72 New Genetic Mutations Linked to Breast Cancer

In an article written in CNN Health, 72 new genetic mutations have been linked to breast cancer, with 7 of them predisposing women to a specific type of breast cancer that does not respond to hormonal therapies such as the drug Tamoxifen. This breakthrough brings the new total count of genetic variants linked to breast cancer to nearly 180. This research, which was done in conjunction with nearly 300 institutions around the world and over 550 researchers, almost doubled the amount of identifiable genetics markers towards predicting breast cancer in women.

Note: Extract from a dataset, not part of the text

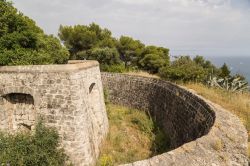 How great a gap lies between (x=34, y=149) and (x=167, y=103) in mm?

This new information is incredibly valuable in testing for risk factors for cancers like breast cancer, and will be used in getting women screened. Early detection and treatment is crucial in cancer treatments, and being able to tell women they are at risk for developing breast cancer is vital in making sure they receive screenings and cancers can be treated early on in their development. This is an exciting breakthrough in cancer research, I cant wait to see how it plays out in the long run at reducing cancer rates.

Scientists Discover New Gene that is Driving Drug Resistance



In all of the medications and treatments that are used for breast cancer, no drug is more commonly used then tamoxifen. Recently, scientists have discovered a gene in humans that makes the body resistant to the drug and, in turn, is causing more problems with patients diagnosed with breast cancer. Breast cancer cells need the hormone estrogen in order to grow and multiply, tamoxifen is used to block the receptors that receive this hormone. Scientists discovered that about 50% of the patients that are being treated with the drug eventually become resistant to the treatment. After several trial and error tests, they discovered that the gene NQ01 is the 'trigger' that will determine if a cell survives tamoxifen.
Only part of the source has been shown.